My enquiry investigates how Chinese internet slang compresses complex feelings into short, recognisable and shareable expressions. Focusing on nine selected terms, the project asks how these words help users communicate difficult emotions quickly, while also softening, simplifying or hiding what is harder to say.
This project developed from my earlier work, A Dictionary of Chinese Internet Slang, where I collected emotional online expressions and explored pixelated, digital visual styles. However, the first outcome was mainly descriptive and did not clearly define its audience or critical position. In this stage, I return to the dictionary format, but use it as a critical structure rather than a neutral container of definitions. Each entry includes pinyin, literal translation, etymology, examples of use and a hidden emotional layer.
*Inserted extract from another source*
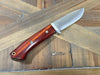 Bark River Classic Drop Point Hunter Knife S45VN Bloodwood Maple Burl Mosaic Pins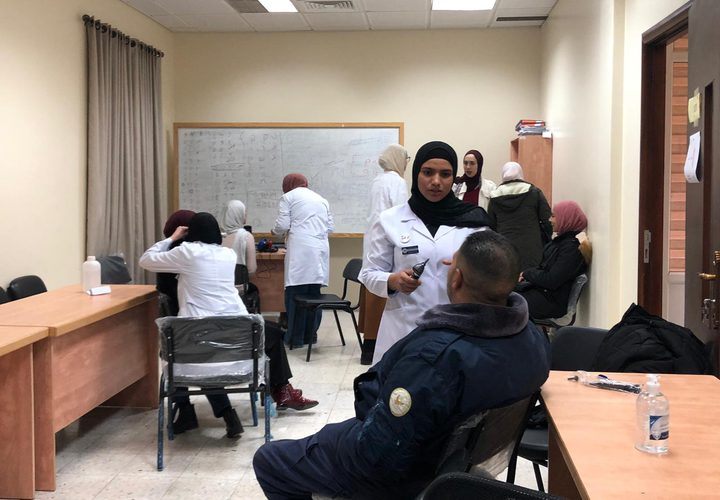 في يوم السمع العالمي.. طلبة قسم السمع والنطق ينظمون فعالية وفحص مجاني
Through this structure, I explore the gap between the surface meaning of a word and the more complex emotional experience behind it.
My studio practice combines publication design, typography, material experiments and image manipulation. I use tracing paper to suggest partial visibility and emotional concealment and halftone meme residues to transform humorous internet images into unstable emotional traces. These methods allow the publication to move between clarity and ambiguity, definition and residue, surface expression and hidden feeling.
The enquiry is relevant to young Chinese-speaking internet users who already use these expressions in everyday digital communication. It is also relevant to graphic communication design because it explores how typography, materiality and publication structure can question the limits of language, and reveal what familiar digital expressions leave unsaid.